After catering an event at Salt Lake Comic Con, co-workers at Utah Food Services filled a manager's office with 20 life-size cardboard cutouts of superheroes. The company's president, Richard "Sully" Sullivan, said he sometimes breaks into song during pitches to prospective patrons.

Co-workers were aghast at first, Sullivan said, but the tactic helped expand the Salt Lake City company's clientele.

"Chicken is chicken and broccoli is broccoli," Sullivan said, "so you have to give them something else."

Despite humor's many benefits, fears that workplace wit will veer off course and damage a company are common.
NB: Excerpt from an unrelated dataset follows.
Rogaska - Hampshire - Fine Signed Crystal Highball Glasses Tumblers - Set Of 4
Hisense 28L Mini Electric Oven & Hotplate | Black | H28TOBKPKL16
Kerr, the Canadian motivational speaker, often hears worries that it will lead colleagues to question one another's professionalism or that "it's going to unleash everybody's inner inappropriate stand-up comedian."

"Of course, that is a concern," he said. "But if you've created a positive, respectful work environment, then the humor is going to be, for the most part, positive and respectful as well."

Kerr said the typical office jokers, in fact, play pivotal roles akin to ancient court jesters.

"They speak uncomfortable truths to power, build team cohesion and even keep corporate history alive by telling stories," he said. "And if you have the odd misstep, don't get too crazy about it. So what? They are worth their weight in gold 98 percent of the time.

"The positives," he said, "outweigh the negatives."